I have learnt a lot from these sessions and underpainting and dry brushing are definitely techniques I will be using in my painting in the future. I will now continue working and finish this piece in my own time ready for the next session on Monday.
Whilst exploring decay as an art from across the internet, I came across an article (link below) entitled “ARTIST USES MOULD TO CREATE DECAYED ARCHITECTURAL MODELS” and was obviously instantly interested.
Artist Daniele Del Nero creates architectural scale models of buildings and then dampens the exterior of the structure and applies a thin dusting of flour. The model is then placed into a transparent case, which relates to my moulding perspex boxes. Mould starts to grow after a couple of days and dies within two weeks, leaving behind what the artist has described as “a dusty spider-web which covers the model like a rambler plant“.
Like me with my actual moulding artwork , He avoids having direct contact with the mould, removing the cover over the models only to photograph them. He has also related Food Decay to the Decay of the world in a way like I have. This is highly related to me using mould to show pollution and climate change in my factory piece. I have mentioned in my reflective journal a few times about how mould and decay can relate to the end of the world or its breakdown, I appear to have found an artist that feels the same way. He states “We are used to imagining our cities as permanent and definitive, but it’s amazing how little time it takes for nature to reclaim its spaces.”
These works are AMAZING, they are definitely my favourite works out of all the other artists I’ve come across that use mould to create art. The photographs are beautiful as well as the pieces themselves. His work encourages me experiment with getting a more professional photo of my perspex boxes and other moulding objects as I don’t feel these would look as successful without the high level of photography and dark background. There is something very eery about these pieces, but I absolutely love them. Daniele Del Nero’s work is without a doubt a success. He wanted to “reproduce in small-scale the particular sensation of being in a lonely, abandoned place” and I feel he has without a doubt achieved this. He is a massive inspiration to me right now and his work definitely makes me want to experiment with creating 3D works and to use mould to create a certain feeling or atmosphere.
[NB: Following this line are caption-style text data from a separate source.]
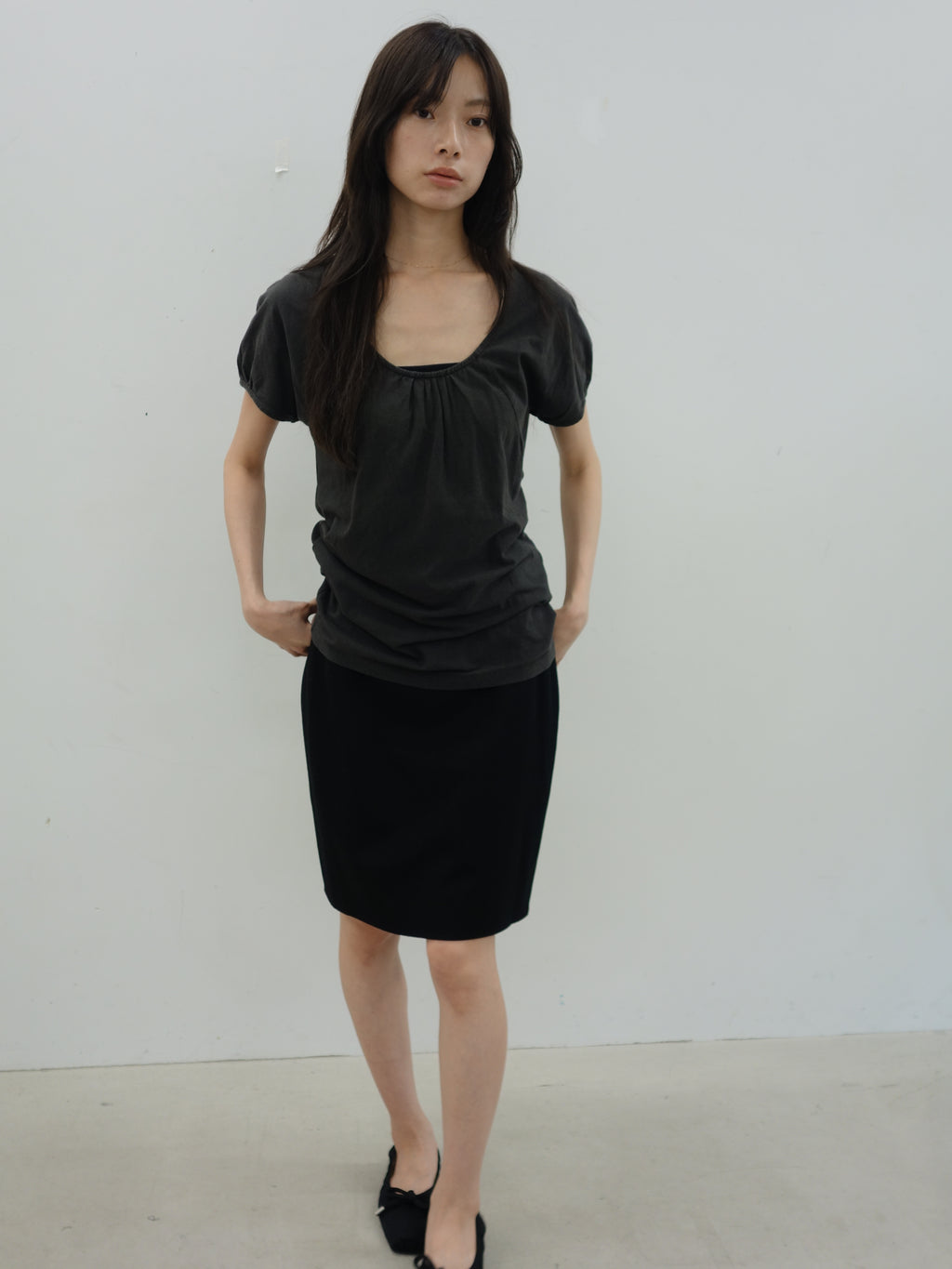 GIANNI VERSACE black skirt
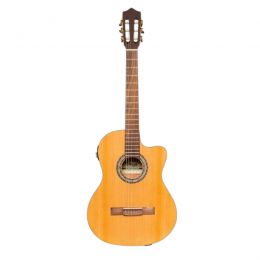 Гитара электроакустическая STAGG N SCL60 TCE-NAT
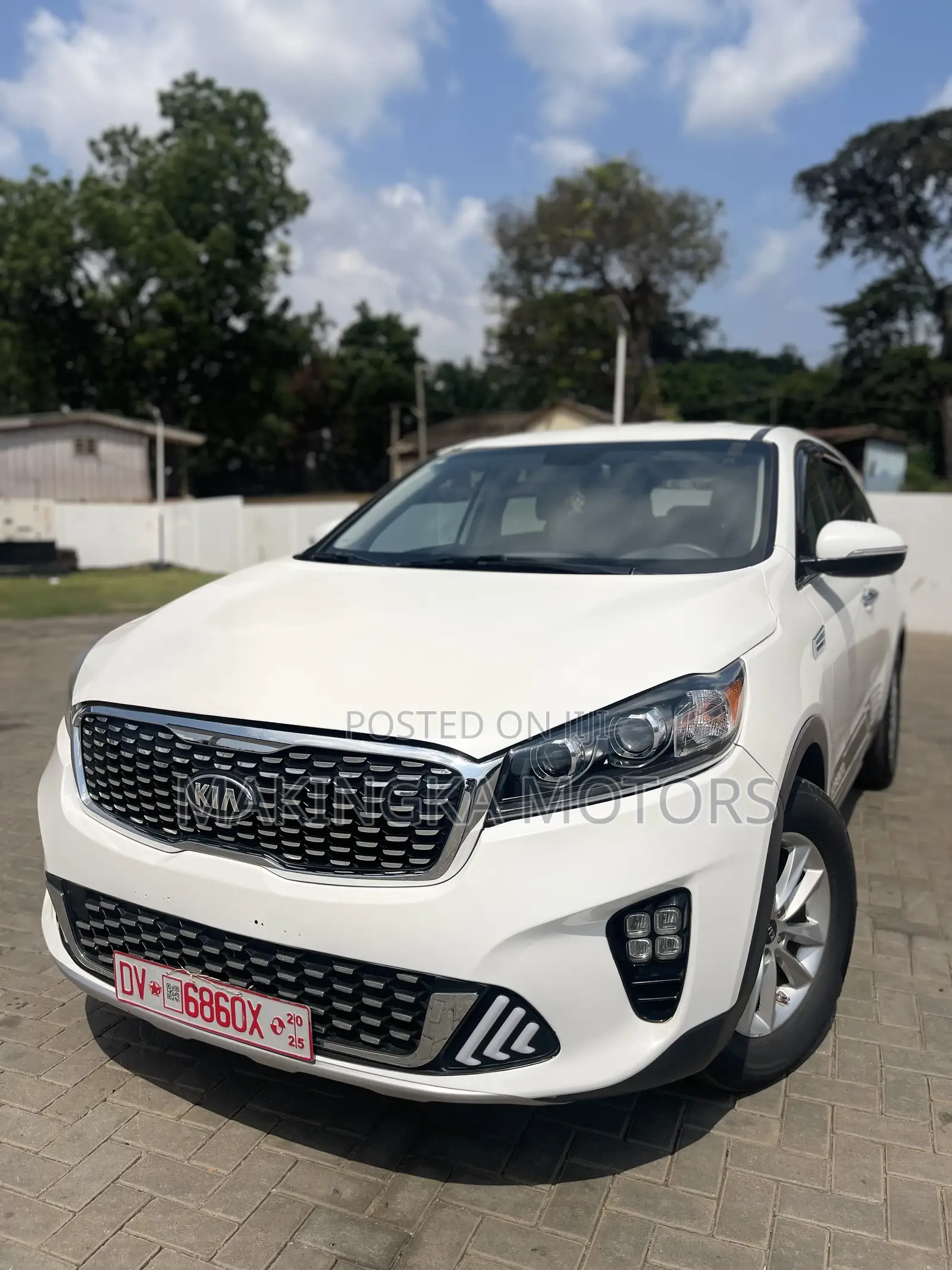 Kia Sorento 2.4L LX AWD 2019 White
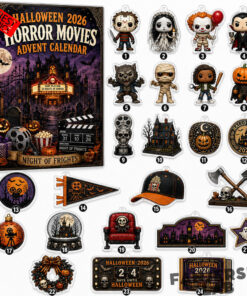 Halloween 2026 Horror Movies Night of Frights Advent Calendar Halloween 2026 Horror Movies Night of Frights Advent Calendar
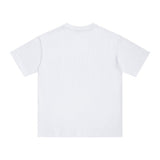 Purple Brand T Shirts Spring/Summer Color Letter Print Hip Hop Men's and Women's Loose Casual Short-Sleeved T-shirt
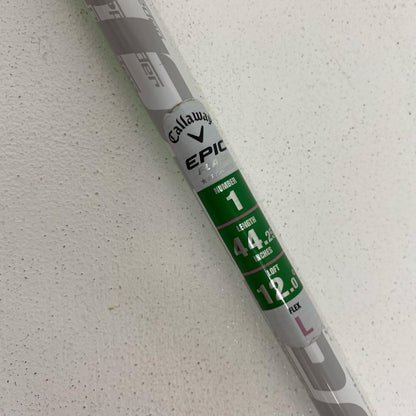 【ゴルフ用品】 Callaway | キャロウェイ CALLAWAY ドライバー EPIC FLASH STAR(2019)1W 12° シャフト:Speeder Evolution フレックス:L 約45ｲﾝﾁ【加古川店】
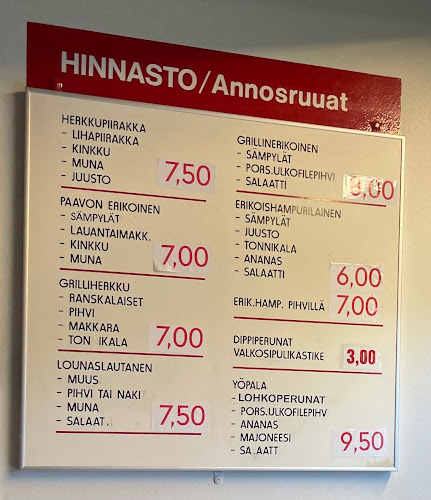 Opinii despre Susannan Grilli în Kauhajoki - Ravintola-ala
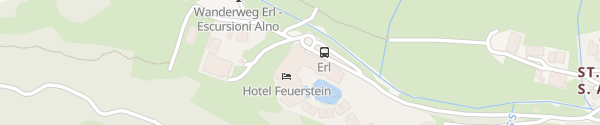 Karte Familienresort Hotel Feuerstein Brenner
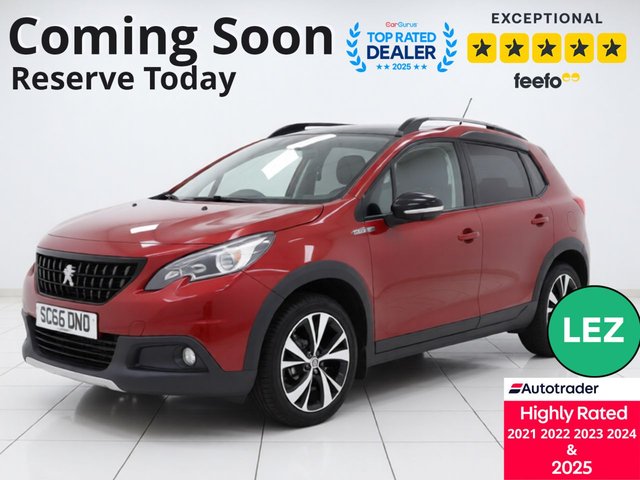 View our Peugeot 2008 1.6 BlueHDi GT Line SUV 5dr Diesel Manual Euro 6 (s/s) (120 ps)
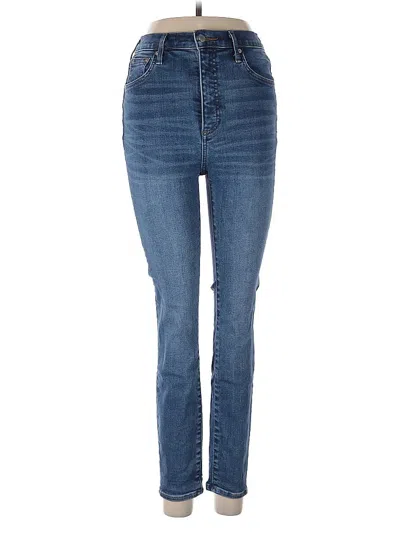 Pre-owned Denim Forum Jeans In Blue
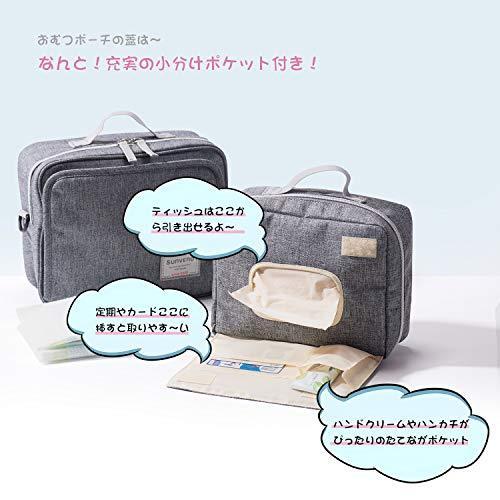 Sunveno おむつポーチ ベビー用品収納 肩掛けおむつポーチ 大容量 おむつ収納 小物入れ かわいい 旅行用ポーチ Klw Hi Bridgeストア 通販 Yahoo ショッピング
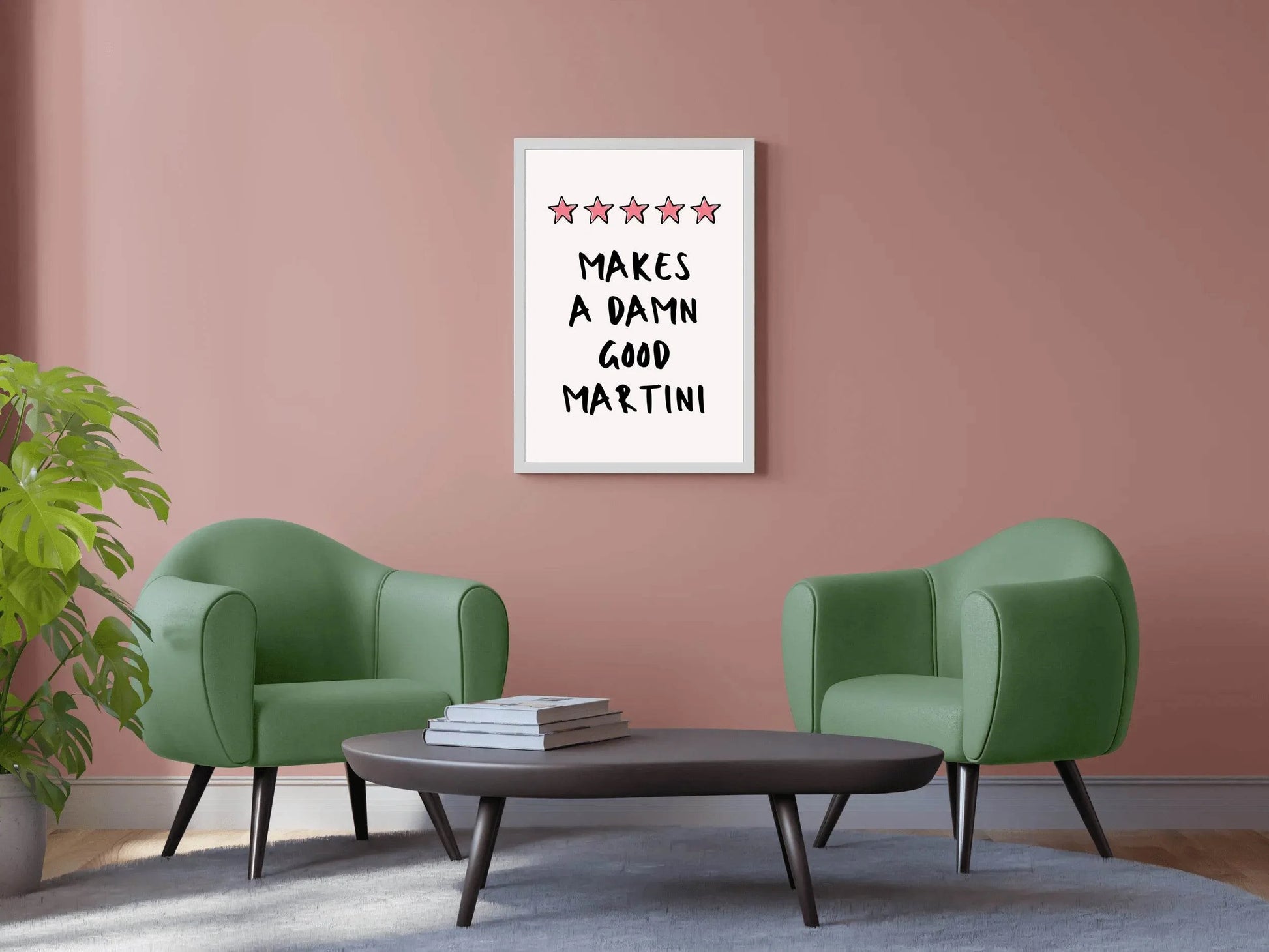 Martini 5Stars Wall Art - beink online art store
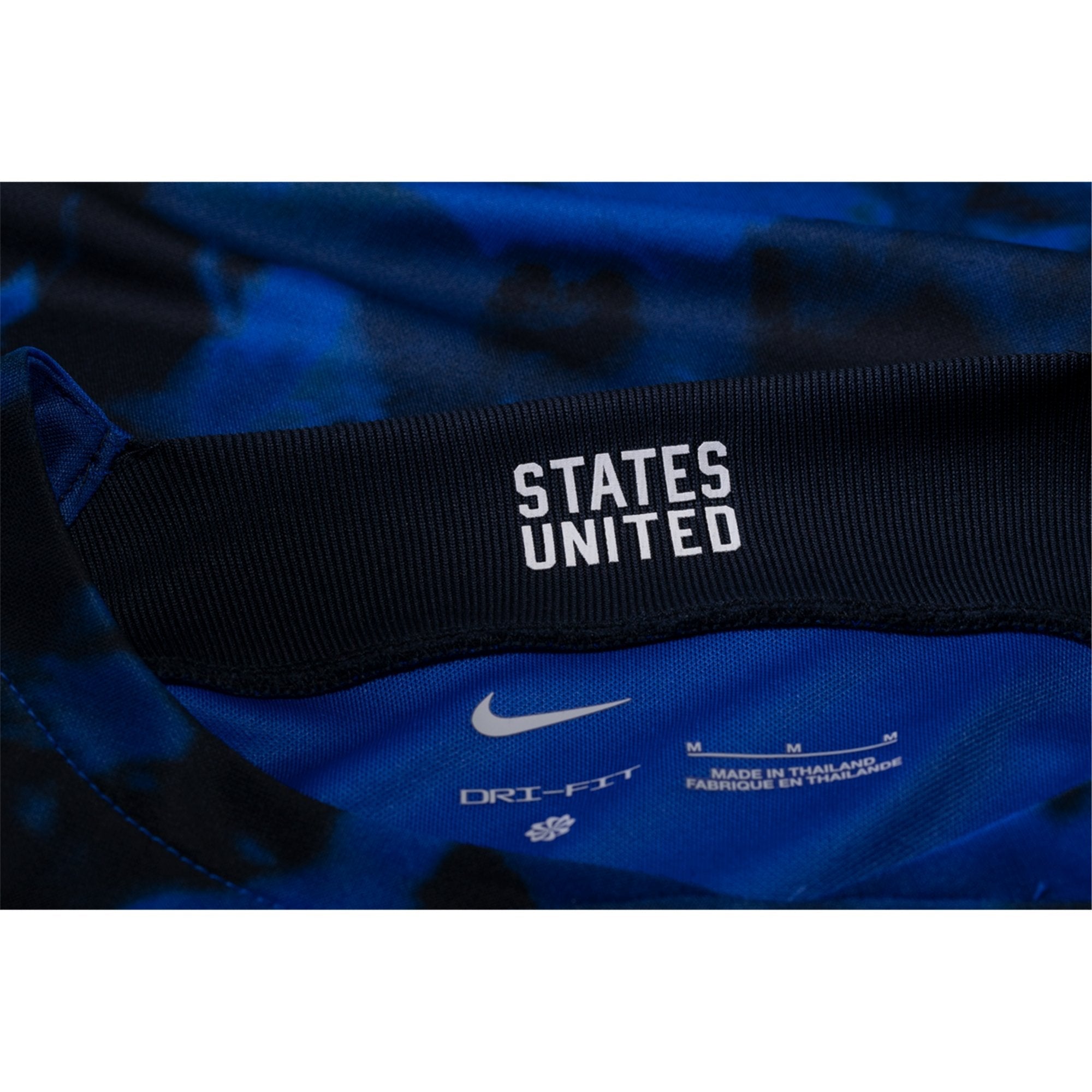 Nike United States Authentic Match Gio Reyna Home Jersey 22/23 w/ World Cup 2022 Patches (White/Loyal Blue) Size XL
After undertaking the body casting workshop, I was highly inspired to use alginate and plaster to cast a decaying food. The apple was the obvious choice because of its hard and dry outer layer as it would hold its shape and be easier to get out of the mould.
Shown above are the plaster casts of the apples and the actual decaying food itself. The apples were really hard and wrinkled rather than decaying and going soft because I used the fruit I used to print with weeks ago and I believe the ink must have clogged up the pores which made the apples perfect to cast. It was completely accidental that I was able to cast them at all really. As with the body casting I did, the alginate has picked up even the tiniest details making an incredibly realistic cast.
You can see in the images above just how much detail you can pick up when replicating an object using this method. These are just experiments and the result of me playing with a new material but if i wanted to take this further, I would make many more casts and dip them in yoghurt. I found out that plaster goes mouldy if you cover it in yogurt and leave it out in the open so that could be a very interesting idea to work with.